Segment Start: Input for this task
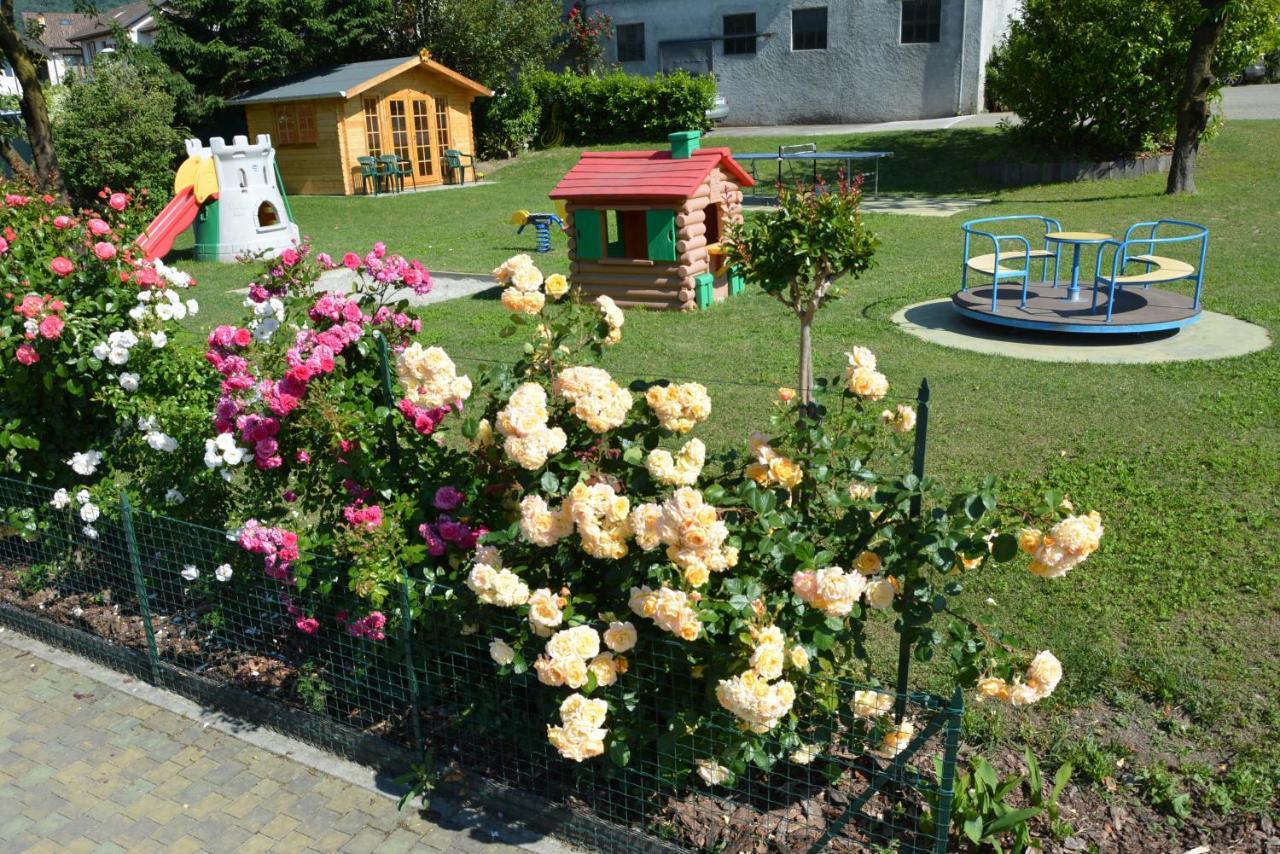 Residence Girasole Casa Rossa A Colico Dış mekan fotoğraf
Segment End: Input for this task
Segment Start: Input for this task
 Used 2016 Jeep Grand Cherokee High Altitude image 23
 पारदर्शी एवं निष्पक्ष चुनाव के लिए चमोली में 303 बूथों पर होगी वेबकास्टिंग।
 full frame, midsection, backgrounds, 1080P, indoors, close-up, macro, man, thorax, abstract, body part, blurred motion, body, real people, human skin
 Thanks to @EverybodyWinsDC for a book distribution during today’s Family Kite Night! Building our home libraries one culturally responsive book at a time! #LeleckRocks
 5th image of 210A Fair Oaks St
Segment End: Input for this task
# Problem description
Among the entries above, copy exactly only the lines starting with the one containing "Thanks to @EverybodyWinsDC" and going through the one containing "5th image of 210A Fair Oaks St", both ends included.

# Task result
 Thanks to @EverybodyWinsDC for a book distribution during today’s Family Kite Night! Building our home libraries one culturally responsive book at a time! #LeleckRocks
 5th image of 210A Fair Oaks St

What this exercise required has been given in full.